With so many earnings out this week, investors had little choice but to buy into tech bellwethers such as Apple Computer Inc. (Nasdaq: AAPL), International Business Machines Corp. (NYSE: IBM), America Online Inc. (NYSE: AOL), Microsoft Corp. (Nasdaq: MSFT) and Sun Microsystems Inc. (Nasdaq: SUNW).
"Basically, we are digesting the earnings numbers to see whether they are good or bad," said George Rodriguez, senior vice president at Guzman & Co. "For the most part, the Nasdaq -- with the more technology-driven names that have a predictable earnings flow -- will benefit the most in this market."
Predictably, America Online came through in its second quarter, turning a profit of $224 million, or 9 cents a share, on sales of $1.6 billion.
First Call consensus was expecting AOL to earn 8 cents a share.
Kudos to Apple Computer for blowing past Street estimates by a dime a share, earning $$183 million, or $1 a share, on sales of $2.34 billion.
Apple received a number of upgrades this week and its shares closed off 2 3/16 to 11 5/16 Friday.
Finally, it's time to acknowledge Advanced Micro Devices Inc. (NYSE: AMD), which topped analysts' estimates by a stunning 42 cents a share in its fourth quarter.
The chipmaker earned $65 million, or 43 cents a share, on sales of $969 million. Its shares closed off 2 3/8 to 36 5/8 Friday.
Looking ahead to next week, all eyes will be on the Fed or at least what everyone thinks the Fed might do at its policy meeting in early February.
Despite the market's sizzling performance so far this year, economists are expecting the Fed to only raise short-term interest rates by one-quarter of a percent.
If the Fed were to raise rates by 0.50 basis points, it could spell the beginning of a dry spell for the red-hot technology sector.
As if there haven't been enough earnings reports lately, a whole new batch of tech companies will report their results this week.
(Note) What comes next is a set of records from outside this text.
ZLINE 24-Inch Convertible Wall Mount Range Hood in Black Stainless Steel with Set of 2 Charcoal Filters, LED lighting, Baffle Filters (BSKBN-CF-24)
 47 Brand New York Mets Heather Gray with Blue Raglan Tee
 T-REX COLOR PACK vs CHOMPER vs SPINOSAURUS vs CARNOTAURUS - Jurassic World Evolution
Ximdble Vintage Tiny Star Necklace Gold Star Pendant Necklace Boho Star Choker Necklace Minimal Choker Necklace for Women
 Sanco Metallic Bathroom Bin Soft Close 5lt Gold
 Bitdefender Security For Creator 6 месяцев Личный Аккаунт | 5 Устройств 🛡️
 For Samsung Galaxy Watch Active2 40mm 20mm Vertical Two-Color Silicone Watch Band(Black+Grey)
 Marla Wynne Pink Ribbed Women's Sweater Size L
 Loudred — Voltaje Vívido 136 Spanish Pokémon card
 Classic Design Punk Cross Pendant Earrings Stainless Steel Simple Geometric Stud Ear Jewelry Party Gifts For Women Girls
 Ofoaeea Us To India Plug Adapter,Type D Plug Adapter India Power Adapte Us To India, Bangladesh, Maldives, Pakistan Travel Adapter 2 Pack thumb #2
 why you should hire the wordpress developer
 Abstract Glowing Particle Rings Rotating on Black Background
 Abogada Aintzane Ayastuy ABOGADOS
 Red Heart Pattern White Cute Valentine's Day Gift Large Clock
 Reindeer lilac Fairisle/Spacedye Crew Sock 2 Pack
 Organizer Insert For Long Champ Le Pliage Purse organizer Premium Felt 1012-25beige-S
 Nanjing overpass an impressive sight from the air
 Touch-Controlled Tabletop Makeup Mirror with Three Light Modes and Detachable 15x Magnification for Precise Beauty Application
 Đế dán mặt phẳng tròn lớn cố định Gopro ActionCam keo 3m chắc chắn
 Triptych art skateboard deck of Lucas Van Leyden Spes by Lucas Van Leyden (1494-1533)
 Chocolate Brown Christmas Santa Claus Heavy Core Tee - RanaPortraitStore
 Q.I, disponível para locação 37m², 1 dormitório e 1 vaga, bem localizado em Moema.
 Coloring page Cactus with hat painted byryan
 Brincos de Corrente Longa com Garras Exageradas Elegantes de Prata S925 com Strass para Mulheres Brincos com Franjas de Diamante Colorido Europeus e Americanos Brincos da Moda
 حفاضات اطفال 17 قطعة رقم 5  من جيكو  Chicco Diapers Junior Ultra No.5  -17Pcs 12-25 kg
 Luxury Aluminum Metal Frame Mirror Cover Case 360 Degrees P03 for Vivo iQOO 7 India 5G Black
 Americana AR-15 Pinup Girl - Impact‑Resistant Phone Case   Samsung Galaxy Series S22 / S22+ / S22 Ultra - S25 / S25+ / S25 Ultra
Investors will be paying close attention to BMC Software's (Nasdaq: BMCS) third-quarter earnings.
Once a darling of Wall Street, BMC shares came under fire last quarter when it warned that Y2K concerns would dent it sales and earnings in the second and third quarters.
BMC did manage to top lowered expectations, earning $110.4 million, or 44 cents a share, on sales of $415.7 million.
This time around, First Call consensus expects a profit of 42 cents a share.
Silicon Graphics Inc. (NYSE: SGI) should provide some good theater next week when it unveils its second-quarter results. Not too long ago, this was a must-have for any technology stock portfolio.
But some good news appears to be on the horizon after company officials this week said it expects to report fiscal second quarter revenue of about $640 million, and operating results "just short" of breakeven.
Analysts were looking for a loss of 11 cents a share in the quarter but have since revised the figure to a loss of 7 cents.
Other earnings to keep an eye out for include GTE Corp. (NYSE: GTE), Tellabs Inc. (Nasdaq: TLAB) and eToys Inc. (Nasdaq: ETYS).